On December 14, 2022, Greystone Housing Impact Investors LP
(formerly America First Multifamily Investors, L.P., the
“Partnership”), and its affiliate, ATAX TEBS Holdings, LLC (the
“Issuer”), entered into a number of agreements pursuant to which
the Issuer issued $102.7 million aggregate principal amount of
Taxable Secured Notes 2022 Series A (“Notes”). The proceeds of the
Notes were used to redeem the Issuer’s previously issued Taxable
Secured Notes 2020 Series A as discussed in Item 1.02
below.
The Notes were issued under an Indenture of Trust dated as of
December 14, 2022 (the “Indenture”) by and between the Issuer and
U.S. Bank Trust Company, National Association, as trustee (in such
capacity, the “Trustee”), and a Supplemental Agreement dated as of
December 14, 2022 (the “Supplemental Agreement”) by and between the
Issuer, FMSbonds, Inc., as underwriter (“FMS”), Mizuho Capital
Markets LLC, as noteholder representative (“Mizuho”), and the
Trustee. The Notes are secured by the Partnership’s residual
certificates associated with the trusts that issued the Freddie Mac
Multifamily Variable Rate Certificates Series M-024, Freddie Mac
Multifamily M Certificates Series M-031, Freddie Mac Multifamily M
Certificates Series M-033, and Freddie Mac Multifamily M
Certificates Series M-045 (collectively, the “Class B
Certificates”). The Class B Certificates represent the
Partnership’s beneficial interests in the securitized assets held
by the Federal Home Loan Mortgage Corporation (“Freddie Mac”)
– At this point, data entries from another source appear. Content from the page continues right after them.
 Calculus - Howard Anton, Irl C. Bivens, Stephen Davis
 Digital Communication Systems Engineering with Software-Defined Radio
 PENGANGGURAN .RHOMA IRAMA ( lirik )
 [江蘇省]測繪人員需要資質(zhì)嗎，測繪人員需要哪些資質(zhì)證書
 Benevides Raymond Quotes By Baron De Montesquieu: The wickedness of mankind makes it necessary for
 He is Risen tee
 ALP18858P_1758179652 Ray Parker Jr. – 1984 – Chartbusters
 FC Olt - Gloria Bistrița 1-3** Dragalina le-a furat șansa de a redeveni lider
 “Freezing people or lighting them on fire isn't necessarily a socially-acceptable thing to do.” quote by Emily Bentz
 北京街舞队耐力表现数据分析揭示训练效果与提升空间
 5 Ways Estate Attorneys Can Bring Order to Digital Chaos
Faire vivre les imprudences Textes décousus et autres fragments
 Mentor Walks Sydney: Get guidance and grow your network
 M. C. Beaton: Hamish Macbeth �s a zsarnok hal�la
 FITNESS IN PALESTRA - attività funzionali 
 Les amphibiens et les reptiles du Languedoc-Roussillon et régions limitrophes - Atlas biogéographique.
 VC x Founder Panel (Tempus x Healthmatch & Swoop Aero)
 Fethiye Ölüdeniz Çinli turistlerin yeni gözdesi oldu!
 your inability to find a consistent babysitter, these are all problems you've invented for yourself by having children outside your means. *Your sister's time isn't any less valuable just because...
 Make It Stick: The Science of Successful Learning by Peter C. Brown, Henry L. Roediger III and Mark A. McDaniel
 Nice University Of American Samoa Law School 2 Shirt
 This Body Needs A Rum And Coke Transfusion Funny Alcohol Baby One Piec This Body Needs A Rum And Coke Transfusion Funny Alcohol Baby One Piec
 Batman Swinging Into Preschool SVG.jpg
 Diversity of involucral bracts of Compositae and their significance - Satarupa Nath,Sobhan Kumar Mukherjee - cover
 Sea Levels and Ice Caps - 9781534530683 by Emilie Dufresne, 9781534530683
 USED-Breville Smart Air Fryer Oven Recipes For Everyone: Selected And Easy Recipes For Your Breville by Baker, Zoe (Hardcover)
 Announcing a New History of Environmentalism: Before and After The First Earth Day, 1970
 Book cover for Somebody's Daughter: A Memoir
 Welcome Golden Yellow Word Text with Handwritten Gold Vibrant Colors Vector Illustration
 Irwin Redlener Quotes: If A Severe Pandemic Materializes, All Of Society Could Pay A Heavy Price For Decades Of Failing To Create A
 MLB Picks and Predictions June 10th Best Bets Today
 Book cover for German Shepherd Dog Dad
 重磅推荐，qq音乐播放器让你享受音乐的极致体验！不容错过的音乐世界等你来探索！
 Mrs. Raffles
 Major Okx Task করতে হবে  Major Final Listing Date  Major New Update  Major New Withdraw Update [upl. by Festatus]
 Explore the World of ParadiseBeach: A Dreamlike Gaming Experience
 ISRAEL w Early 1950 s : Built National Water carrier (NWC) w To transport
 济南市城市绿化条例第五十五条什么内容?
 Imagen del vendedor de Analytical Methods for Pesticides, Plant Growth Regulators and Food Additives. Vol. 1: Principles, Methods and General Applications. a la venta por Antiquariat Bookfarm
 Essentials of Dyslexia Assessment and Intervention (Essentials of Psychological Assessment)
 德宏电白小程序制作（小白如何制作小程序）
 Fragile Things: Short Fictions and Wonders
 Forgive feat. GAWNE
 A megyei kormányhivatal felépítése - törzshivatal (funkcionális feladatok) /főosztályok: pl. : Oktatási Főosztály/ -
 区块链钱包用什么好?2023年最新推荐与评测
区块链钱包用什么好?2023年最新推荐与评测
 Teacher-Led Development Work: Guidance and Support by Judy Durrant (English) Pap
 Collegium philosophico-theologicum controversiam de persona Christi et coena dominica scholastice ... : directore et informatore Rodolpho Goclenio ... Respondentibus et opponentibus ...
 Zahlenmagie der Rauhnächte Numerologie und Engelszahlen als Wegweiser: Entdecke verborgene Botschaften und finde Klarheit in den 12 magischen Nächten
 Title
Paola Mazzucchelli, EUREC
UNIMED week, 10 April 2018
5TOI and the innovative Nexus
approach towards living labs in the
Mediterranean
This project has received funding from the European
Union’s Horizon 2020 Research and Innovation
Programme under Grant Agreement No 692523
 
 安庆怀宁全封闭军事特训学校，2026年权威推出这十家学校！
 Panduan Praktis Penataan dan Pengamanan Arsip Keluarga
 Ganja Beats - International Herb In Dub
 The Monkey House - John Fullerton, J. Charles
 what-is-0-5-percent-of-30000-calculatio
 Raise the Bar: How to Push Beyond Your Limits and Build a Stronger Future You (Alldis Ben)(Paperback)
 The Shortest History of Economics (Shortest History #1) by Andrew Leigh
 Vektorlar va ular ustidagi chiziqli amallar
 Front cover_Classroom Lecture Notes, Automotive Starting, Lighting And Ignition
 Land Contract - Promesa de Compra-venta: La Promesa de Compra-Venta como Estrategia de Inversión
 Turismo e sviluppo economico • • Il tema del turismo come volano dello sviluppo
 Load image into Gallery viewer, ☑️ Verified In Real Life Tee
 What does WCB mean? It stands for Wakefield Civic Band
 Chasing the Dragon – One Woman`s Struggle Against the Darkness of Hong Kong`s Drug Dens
pursuant to Freddie Mac’s Tax-Exempt Bond Securitization (“TEBS”)
program.
The Notes were issued in a private offering exempt from the
registration requirements of the Securities Act of 1933, as amended
(the “Securities Act”), to a qualified institutional buyer in
accordance with Rule 144A under the Securities Act. The Notes have
not been registered under the Securities Act or any state
securities laws, and unless so registered, may not be offered or
sold in the United States except pursuant to an exemption from, or
in a transaction not subject to, the registration requirements of
the Securities Act and applicable state securities laws.
The Notes have an initial principal balance of $102.7 million. The
Notes bear interest at a variable rate equal to the USD-SOFR rate
as defined in the 2006 ISDA Derivatives Definitions (“USD-SOFR”)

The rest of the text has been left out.